Das vorliegende Buch vermittelt allen, die sich eingehender mit Elektrorädern befassen wollen, einen guten Überblick über die wichtigsten Modelle und Konstruktionstypen. Außerdem beleuchtet es die geschichtliche Entwicklung des Elektrorads, stellt noch unverwirklichte Projekte vor und wirft auch einen Blick auf verwandte Gefährte wie Liegeräder oder Solarmobile. Nicht zuletzt vermittelt es etwas von der Faszination, die von den "Powerbikes" ausgehen kann. Der Reiz liegt dabei gerade in den Beschränkungen, welche der begrenzte Energievorrat von Batterien auferlegt bzw. in der Herausforderung, aus einem Fingerhut an elektrischer Energie ein Optimum an Fortbewegung herauszuholen.
Bis in die achtziger Jahre beschränkten sich die Hersteller von Elektrofahrrädern auf Prototypen und Kleinserien, denen man meistens ansah, daß sie irgendwie zusammengebastelt worden waren. Einen ersten Vorstoß zur besseren Vermarktung dieses Fahrradtyps unternahm Anfang der neunziger Jahre die Firma Sachs, als sie mit der "Hercules-Electra" ein reinrassiges Elektrofahrrad herausbrachte. Sachs setzte sogar eine Änderung der Leichtmofaverordnung durch, die ein Benutzen solcher Fahrzeuge ohne Helm erlaubte. Allerdings blieben Versicherungskennzeichen und Mofaprüfbescheinigung Pflicht. Die Höchstgeschwindigkeit mit elektrischem Antrieb muß konstruktiv auf 20 km/h beschränkt sein.
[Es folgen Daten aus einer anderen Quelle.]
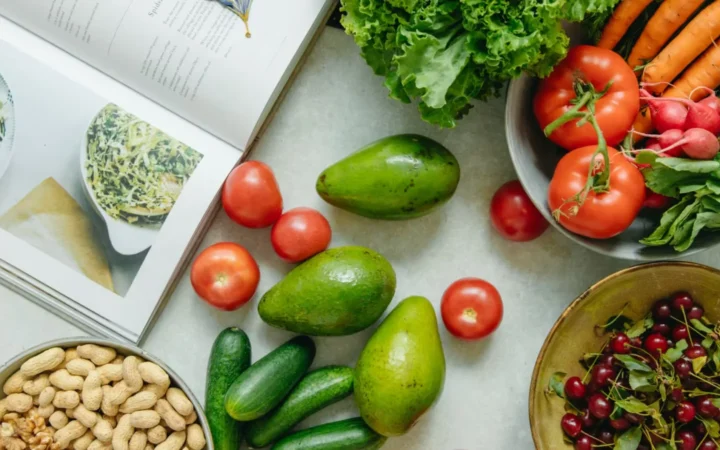 Appetizing display of fresh fruits and vegetables with a cookbook, perfect for healthy recipes.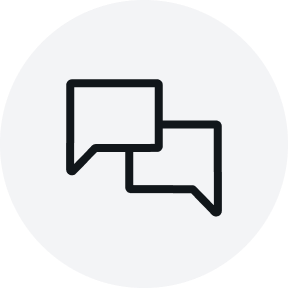 Light grey circular icon showing two overlapping black speech bubbles, centered on a solid background.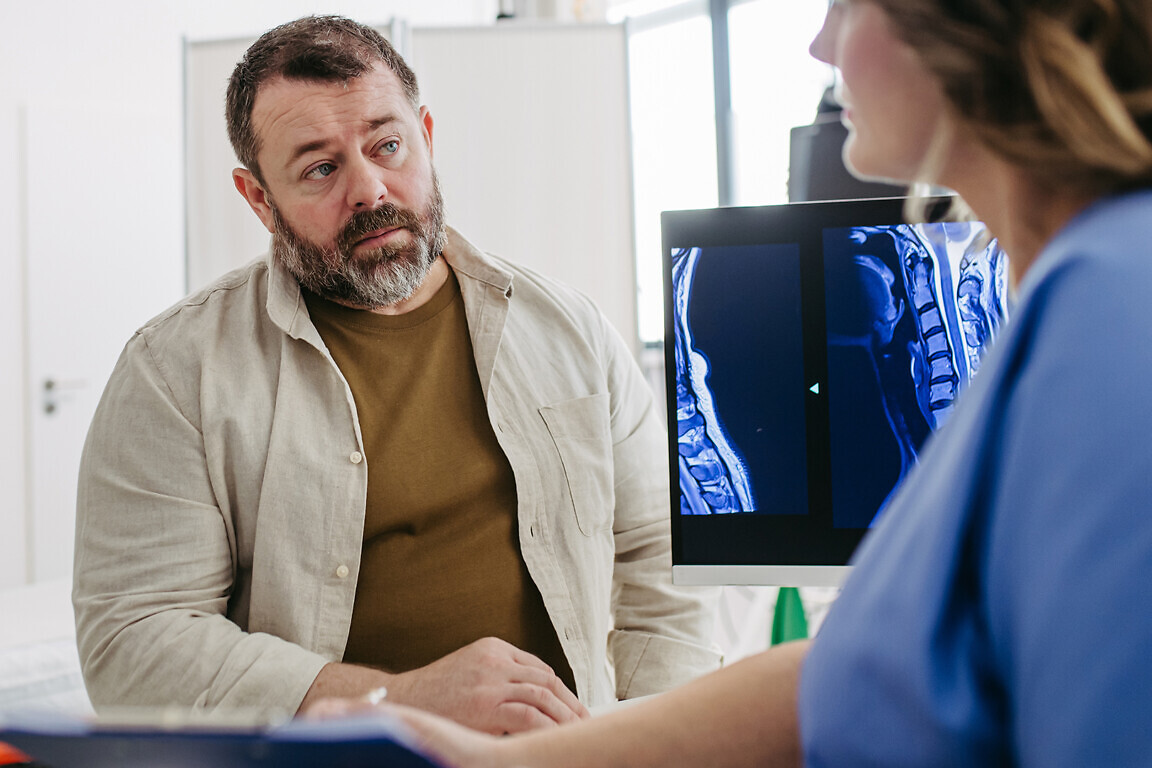 Doctor consulting with overweight patient, discussing test result and x-ray scans in doctor office. Concept of health risks of overwight and obesity.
Die "Electra" verkaufte sich zunächst ganz gut. Sie sprach aber letztlich doch nur ein begrenztes Publikum an, so daß die Verkaufszahlen wieder zurückgingen. Hinzu kam, daß respektable Konkurrenten wie das antriebsstarke "Estelle" der Firma Heinzmann am Markt erschienen und sich ihren Teil vom Kuchen abschnitten.
Insgesamt war dem Elektrofahrrad bisher kein großer Erfolg beschieden. Zum Teil mag dies an der Versicherungspflicht und den sonstigen Auflagen der Leichtmofaverordnung liegen. Zum Teil handelt es sich aber sicher auch um ein Image-Problem: Dem elektrifizierten Drahtesel fehlte bisher einfach der sportliche Touch, der den muskelbetriebenen Artgenossen zu immer neuen Verkaufsrekorden verhalf.
Zum Beispiel schmücken inzwischen fast alle großen Autohersteller, von Fiat bis Porsche, ihr Sortiment mit muskelbetriebenen Fahrrädern der gehobenen Preisklasse. - Nicht etwa, weil sie ein Zubrot nötig hätten, sondern weil ihre vierrädrigen Produkte vom sportlichen Image der Zweiräder profitieren sollen. Aber nur der Fahrrad-Katalog von Mercedes enthält neben fünf "City Bikes" und "Mountain Bikes" auch ein Elektrofahrrad.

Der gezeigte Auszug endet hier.